# [Task objective]
Copy out all the lines of the data precisely, omitting any pictures.
═══ Given data ═══
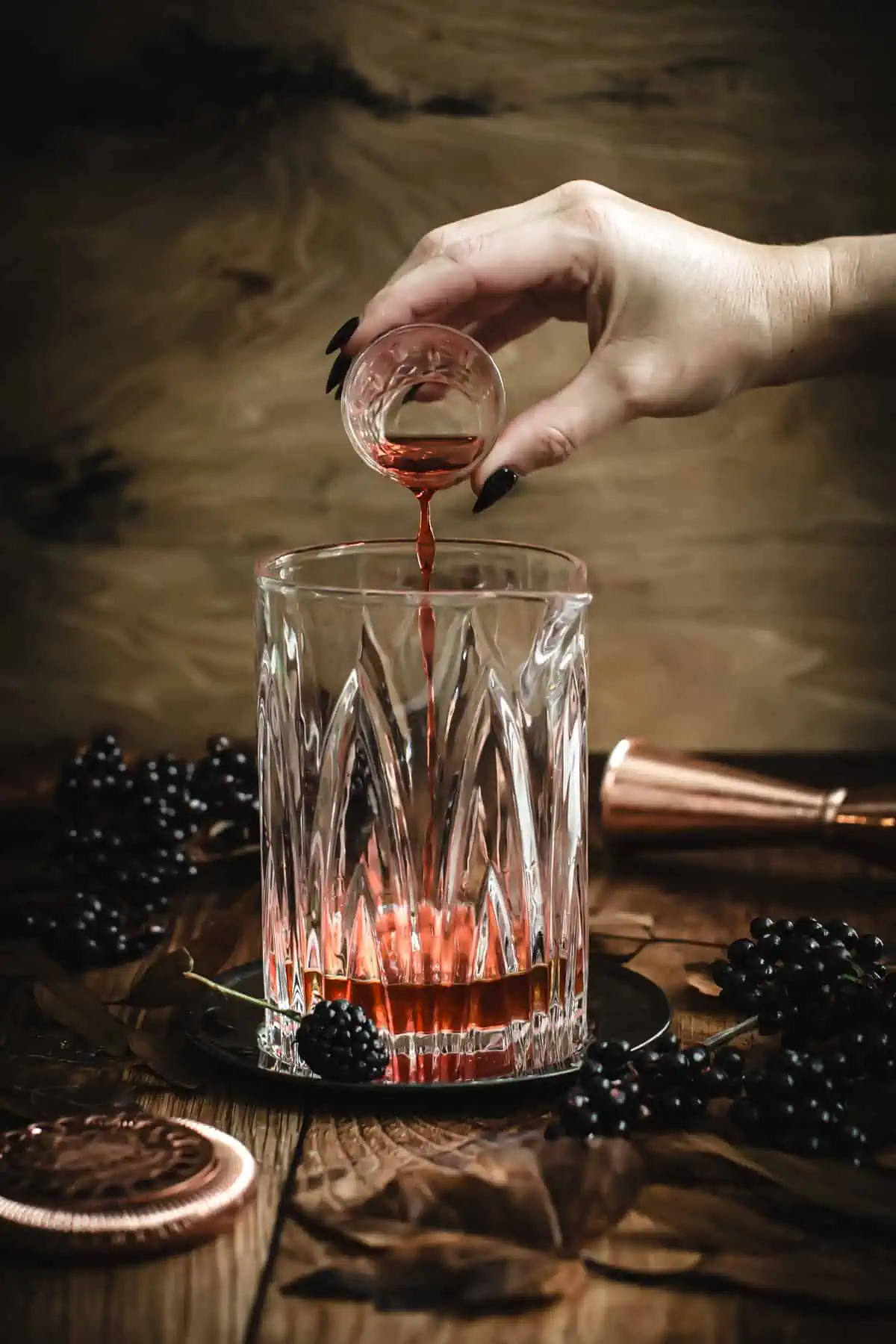 Add the ingredients for a Black Manhattan to a cocktail mixing glass.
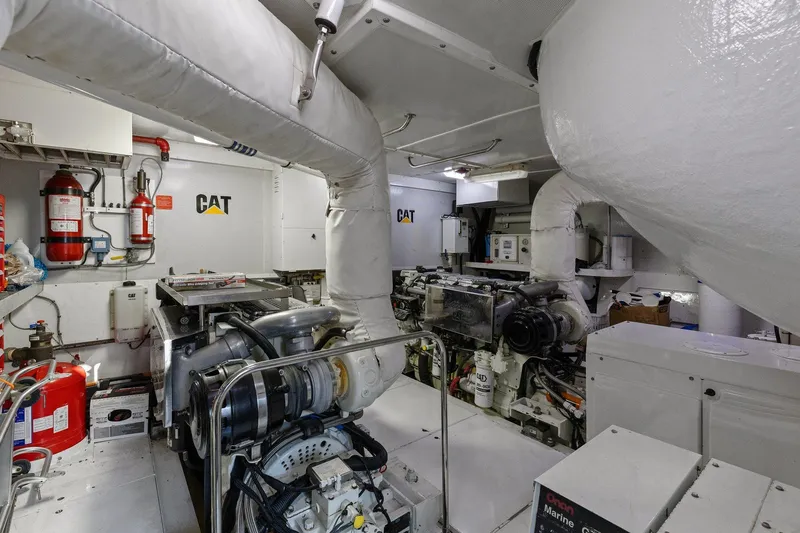 Slide: The Image of Engine room of a Lazzara yacht featuring CAT machinery and fire safety equipment. - 97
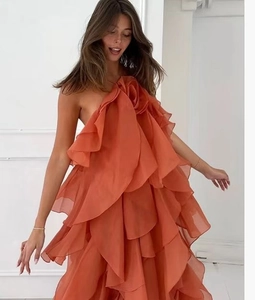 Detail of orange tiered ruffle halter dress with light organza layered floral design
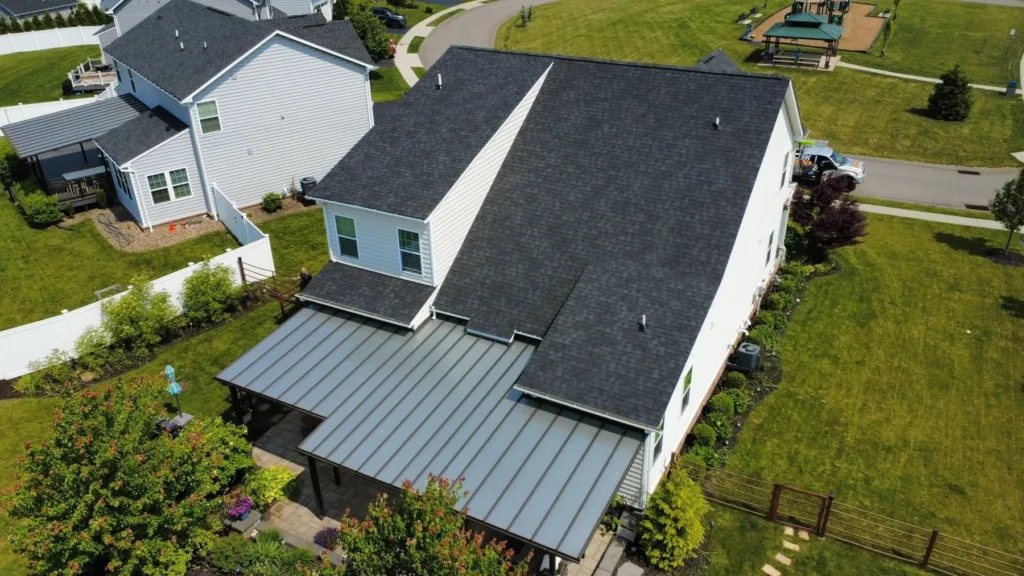 Standing seam metal patio roof installed by Malick Brothers Exteriors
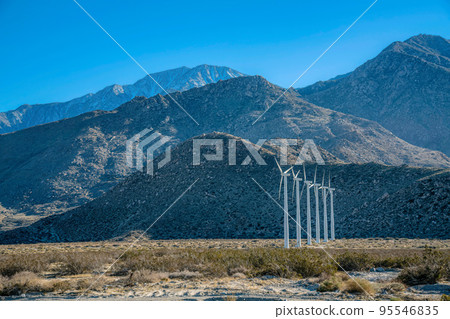 Palm Springs, California- Wind turbines on a desert at the mountainside Palm Springs, California- Wind turbines on a desert at the mountainside 95546835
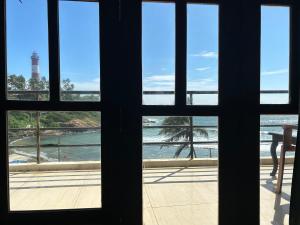 una ventana con vistas a la playa en The Ocean Park Beach Resort, en Kovalam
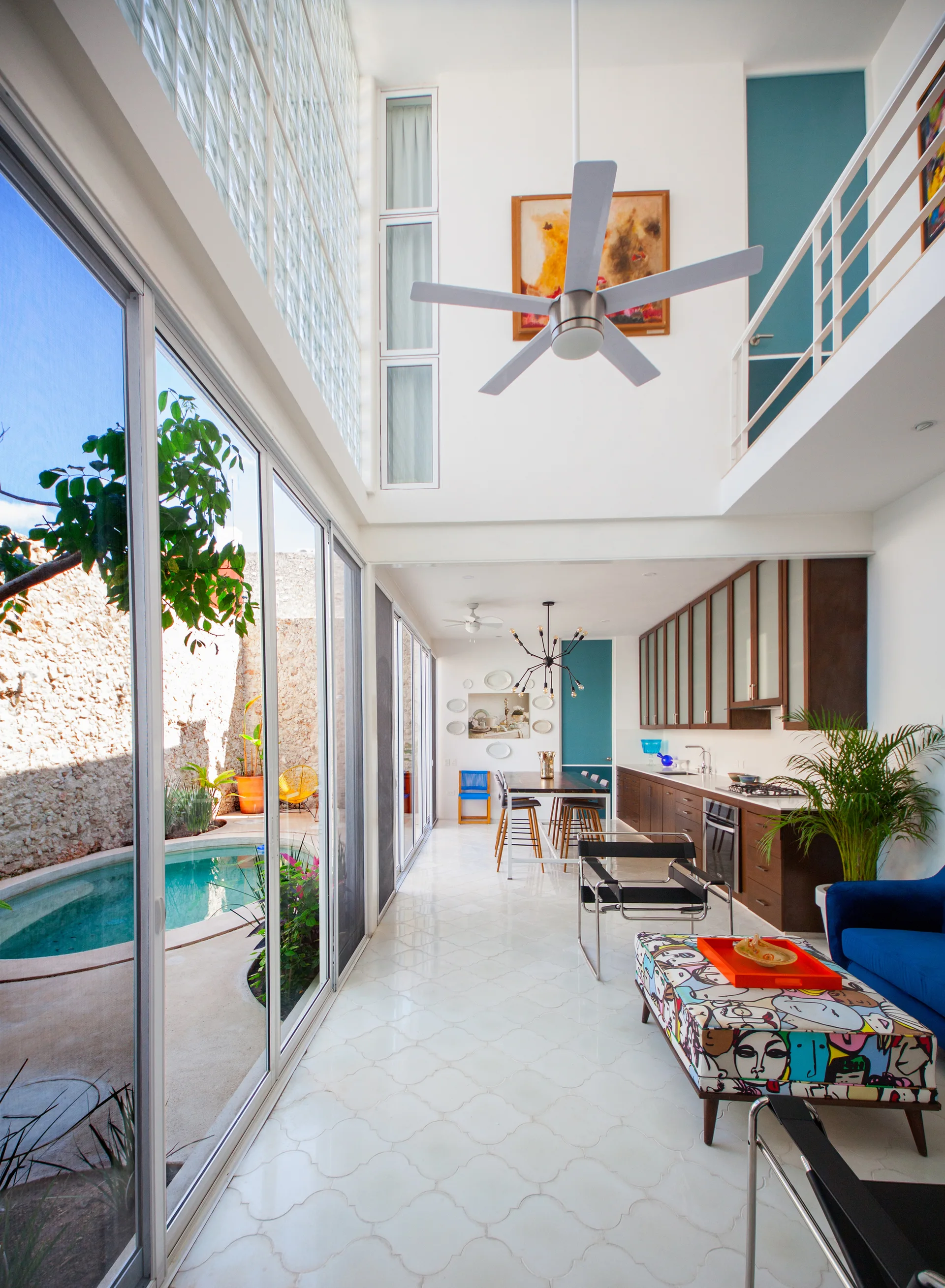 A modern double-height interior with a kitchen and living area next to a glass wall overlooking a swimming pool.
═══
# [Solution to the exercise]
 Add the ingredients for a Black Manhattan to a cocktail mixing glass.
 Slide: The Image of Engine room of a Lazzara yacht featuring CAT machinery and fire safety equipment. - 97
 Detail of orange tiered ruffle halter dress with light organza layered floral design
 Standing seam metal patio roof installed by Malick Brothers Exteriors
 Palm Springs, California- Wind turbines on a desert at the mountainside Palm Springs, California- Wind turbines on a desert at the mountainside 95546835
 una ventana con vistas a la playa en The Ocean Park Beach Resort, en Kovalam
 A modern double-height interior with a kitchen and living area next to a glass wall overlooking a swimming pool.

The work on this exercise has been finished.